Av 13 5765/August 18, 2005
2005 The Temple Institute, Yitzchak Reuven - All Rights Reserved

This past Saturday night the Jewish people began the solemn fast day of Tish'a B'Av, the ninth day of the Hebrew month of Av, the day on which both the First and Second Holy Temples were destroyed. Each year we pray that this should be the very last Tish'a B'Av, that next year, this day should be a holiday, because the Holy Temple will be rebuilt.

Our sages teach that the enemy entered into the Holy Temple on the seventh day of Av. On the seventh and eighth days, they ate and drank in it, and defiled it. On the ninth day, they set it ablaze. It continued burning all day of the tenth of Av, until sunset.

This year on the tenth of Av - while the Temple was still burning - on that very day, Monday, August 15th - 1,935 years after the destruction of the Second Temple, the "Disengagement" began. The destruction of the Holy Temple continues in our own time.

But we are strengthened by our knowledge that, "the Guardian of Israel neither slumbers nor sleeps." (Psalms 121:4) The same G-d of Israel that has nurtured the Jewish people, the apple of His eye, to this point - will continue to do so, as He has promised. No power in the world - neither corrupt leadership, nor enemies both within and without - can stop the people of Israel from fulfilling her G-dly appointed destiny of being a "kingdom of priests and a holy nation." (Exodus 19:6)

This month of Menachem Av literally means "compassionate father" in Hebrew. This teaches us a profound lesson - that everything G-d does, and allows to happen, even during this very month which is synonymous with destruction - is all out of love, the love of a caring father, who is calling His children back to Him. With love and concern, sometimes He needs to break down in order to rebuild.

According to sacred Jewish tradition this month begins to turn around during its second half, and an incomparably sublime illumination of hope and love begins to shine forth. Tu B'Av, the 15th day of this month, is a holiday which is called by our sages "the happiest day of the year:"

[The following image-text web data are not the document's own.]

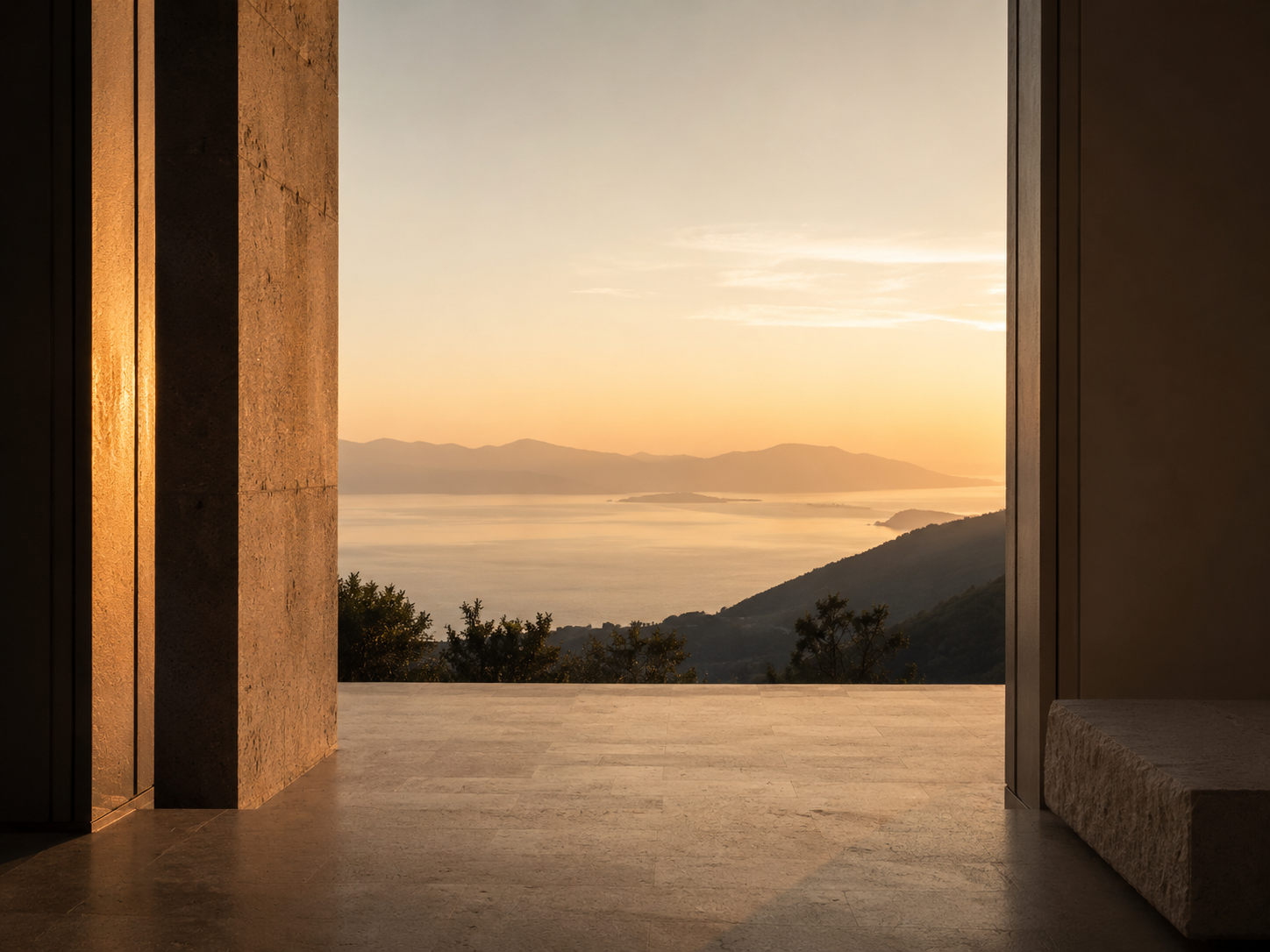 A calm horizon framed in stone, evoking reflection, humility, and a broadened perspective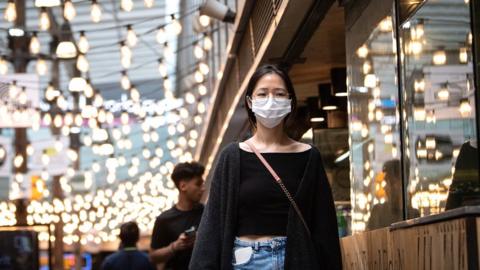 A woman wearing a protective face mask near World Square Sydney, Australia, 18 December 2020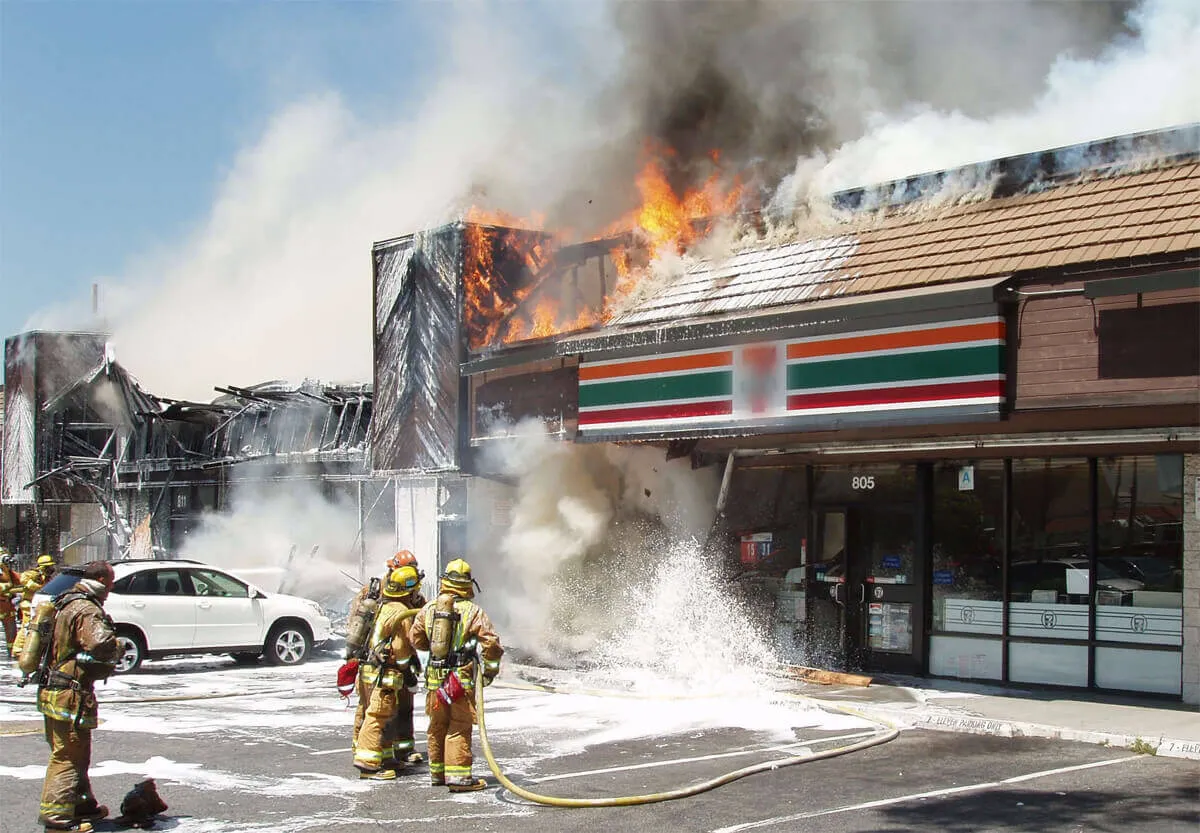 firefighters putting fire out at 7 eleven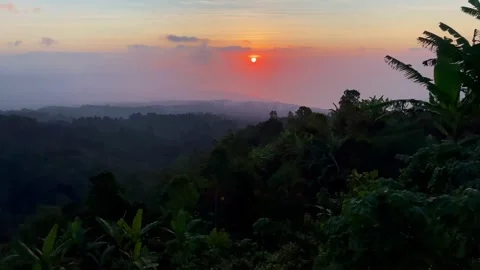 Horizontal Tilt Up Shot Revealing Sunset Over Coast in Bali 動画素材 341809262
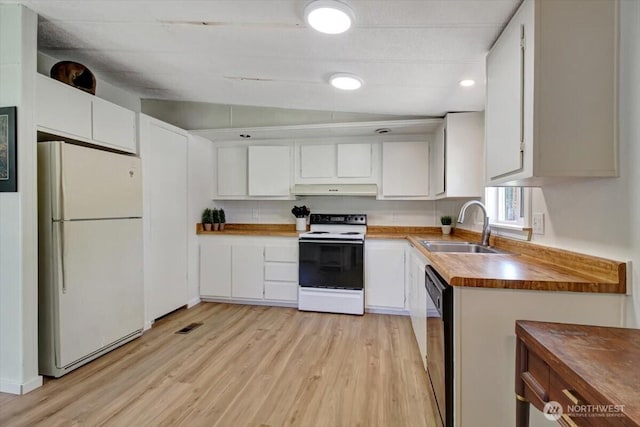 kitchen with freestanding refrigerator, light wood-style floors, a sink, and electric range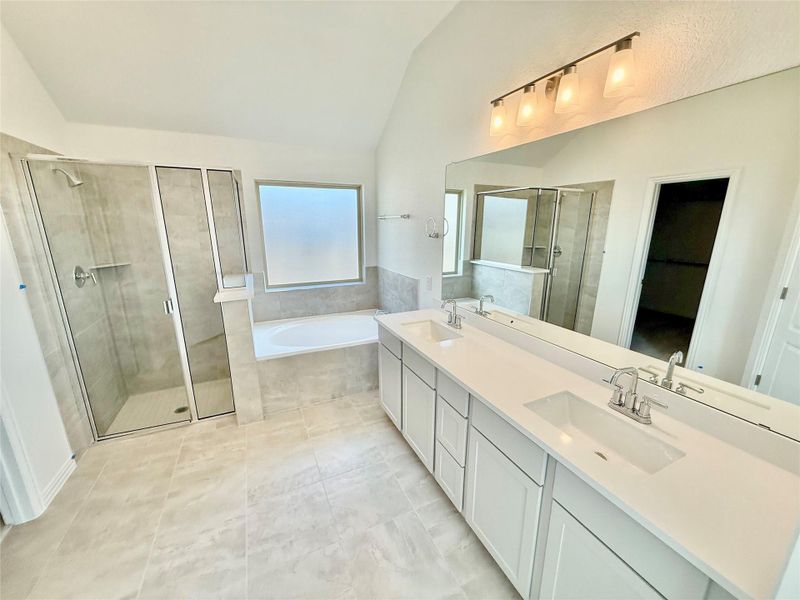 Full bath featuring a bath, a shower stall, double vanity, lofted ceiling, and light tile patterned floors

"Israel had no holidays like Tu B'Av..."

"The concept of the machul - dance - is that one who goes in the dance, goes around and around in a circle. The circle has no top and no bottom, no beginning or end. So too, in the future the righteous will experience no jealousy or dislike, for no one will be said to be on a higher level than another...

This itself is the "holiday for Israel" - when there is no jealousy, competition or envy between them. This is what our sages allude to: Israel had no holidays like Tu B'Av - as the 15th letter of the aleph bet is the letter samech, which is a round circle, with no top or bottom. This is the concept of the dance, and this is the greatest holiday for Israel. (Ohev Ysrael Likutim 113:B)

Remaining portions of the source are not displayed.